Com episódios recentes de desabamento de minas subterrâneas na memória, baixei uma mina em Içara, no extremo sul catarinense. A descida na mina 101 (que tem esse nome por estar instalada às margens da BR de numeração idêntica) é diferente, por meio de escadas – são 300 degraus até chegar aos 60 metros de profundidade.

Com episódios recentes de desabamento de minas subterrâneas na memória, baixei uma mina em Içara, no extremo sul catarinense

Antes de baixar a mina, recebi capacete, botas, lanterna, máscara de respiração, protetores auriculares e uma pequena caixa metálica que devia ser presa ao cinto. A embalagem continha ar comprimido, que deveria ser usado em caso de emergência. Havia oxigênio suficiente para meia hora de respiração em ritmo normal – caso corresse, a reserva se esgotaria mais rapidamente.

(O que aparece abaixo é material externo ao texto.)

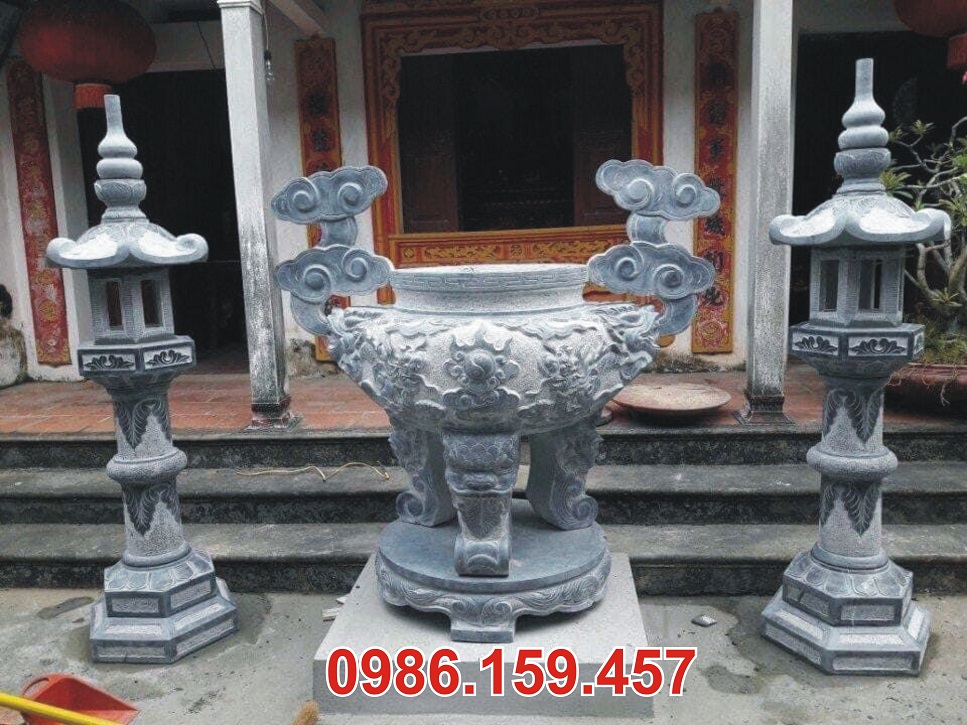 Bán lư hương đá ngoài trời, đục thủ công mỹ nghệ đẹp.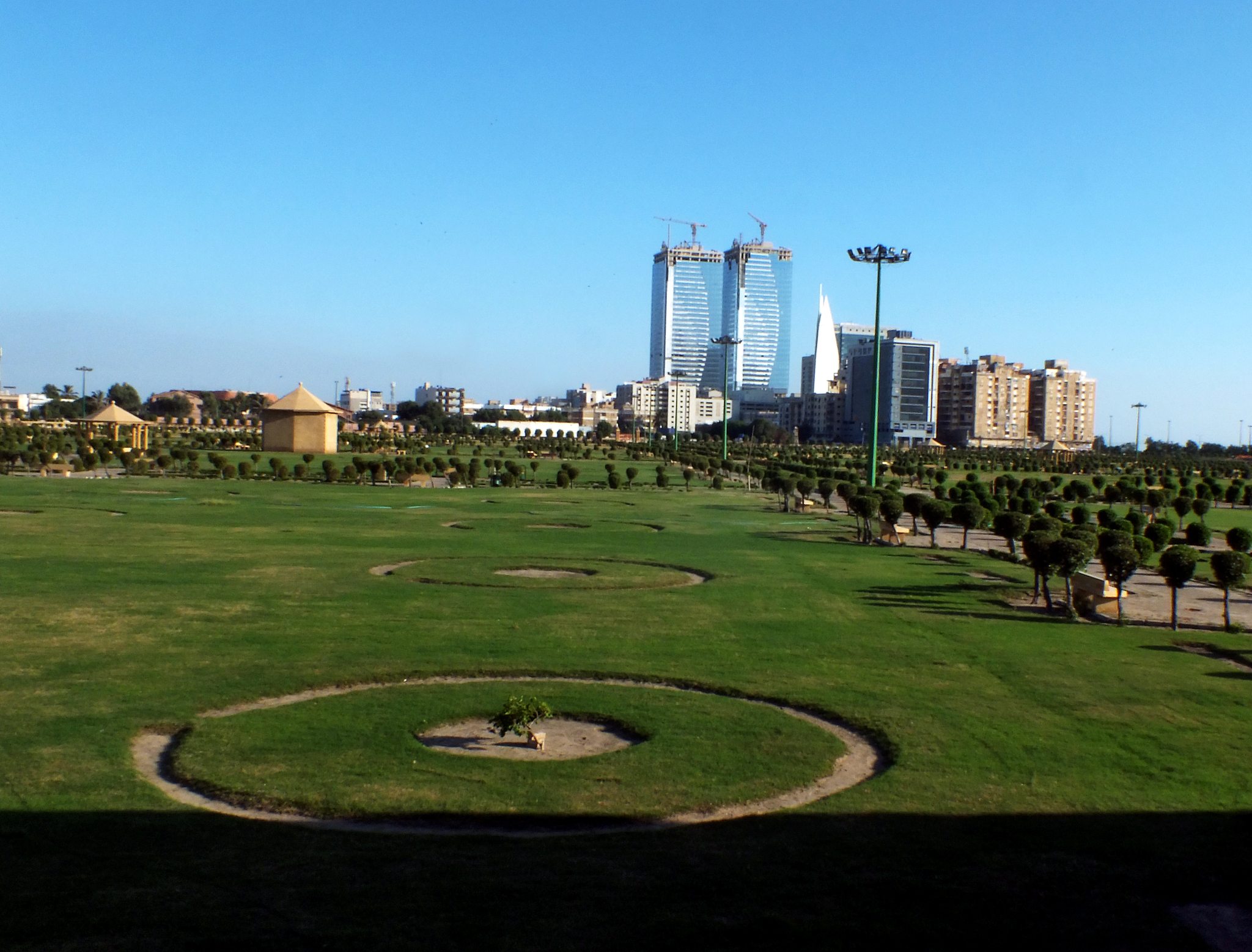 bagh ibm-e-qasim and the buildings in background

Fui orientado ainda a caminhar no meio dos corredores, para evitar o risco de acidentes em caso de desprendimento de rochas das paredes das galerias; e a sinalizar com facho de luz caso deparássemos com veículos se deslocando em nossa direção, entre outras instruções de segurança.

O último requisito era assinar um documento que isentava a empresa de qualquer responsabilidade no caso de acidentes causados pelo não cumprimento das instruções. Em outras palavras: entraria lá por minha conta e risco.

Entrada da Mina 101
Vista da ‘boca’ da mina 101, considerada a mais moderna do país: 30 lances de 10 degraus ligam a superfície ao subsolo. (foto: Célio Yano)

Impressão positiva

No momento em que se chega ao subsolo, qualquer tipo de apreensão desaparece. Temperatura, umidade, iluminação e ventilação no interior da mina são agradáveis. Exceto pelo barulho ensurdecedor das máquinas em funcionamento, que impede qualquer tipo de conversa, a visita chega a ser divertida.

O chão é completamente encharcado, por causa da grande quantidade de água utilizada na frente de extração. O líquido serve para evitar que partículas de carvão fiquem em suspensão no ar e sejam inaladas pelos trabalhadores.

Exceto pelo barulho ensurdecedor das máquinas em funcionamento, que impede qualquer tipo de conversa, a visita chega a ser divertida

O risco de desabamento é pequeno. A abertura de corredores é feita de modo a deixar pilares de rocha original e há estruturas metálicas presas por todo o teto capazes de suportar toneladas.

O complexo que abrange a boca da mina 101 tem ainda um barracão para o primeiro beneficiamento do carvão e uma unidade de tratamento da água utilizada na extração. A empresa responsável, Rio Deserto, garante cumprir todas as normas ambientais. O passivo gerado – rejeitos da separação do carvão do material bruto extraído – serão devolvidos ao subsolo ao fim da exploração da área, afirma a companhia.

Mina modelo

Mas que o leitor não se engane: a mina 101 é exceção à regra. É considerada modelo justamente por ser única no país em termos de tecnologia, segurança e sustentabilidade. Lá, grande parte da operação é feita por máquinas – da extração do carvão das paredes da mina ao transporte à superfície. Mas ainda há no Brasil minas que são abertas com o uso de explosivos, e acidentes são corriqueiros no setor.

Entorno da mina 101
Vista do entorno da mina 101. Maquinário semelhante a uma roda d’água (ao centro) traz à superfície o material lavrado no subsolo, que posteriormente é depositado em um barracão onde será feito o beneficiamento. (foto: Célio Yano)

Além disso, há uma grande controvérsia em Içara desde que o projeto de instalação da mina na cidade foi apresentado. Agricultores da região reclamam que a mineração tem prejudicado as plantações, das quais mais de 300 famílias dependem para sobreviver.

A atividade de mineração no Brasil se concentra na região Sul, principalmente nos estados de Santa Catarina e Rio Grande do Sul. O material extraído em território brasileiro é considerado de má qualidade: 75% do que é lavrado é considerado rejeito e descartado.

Termelétricas movidas a carvão mineral estão entre as fontes de geração de energia mais poluentes do mundo e respondem por apenas 1,9% da matriz elétrica nacional. Ambientalistas questionam a necessidade dessas usinas no Brasil, mas, no momento, todas operam a pleno vapor para suprir a demanda energética, diante do baixo nível dos reservatórios das hidrelétricas, das quais o país depende majoritariamente.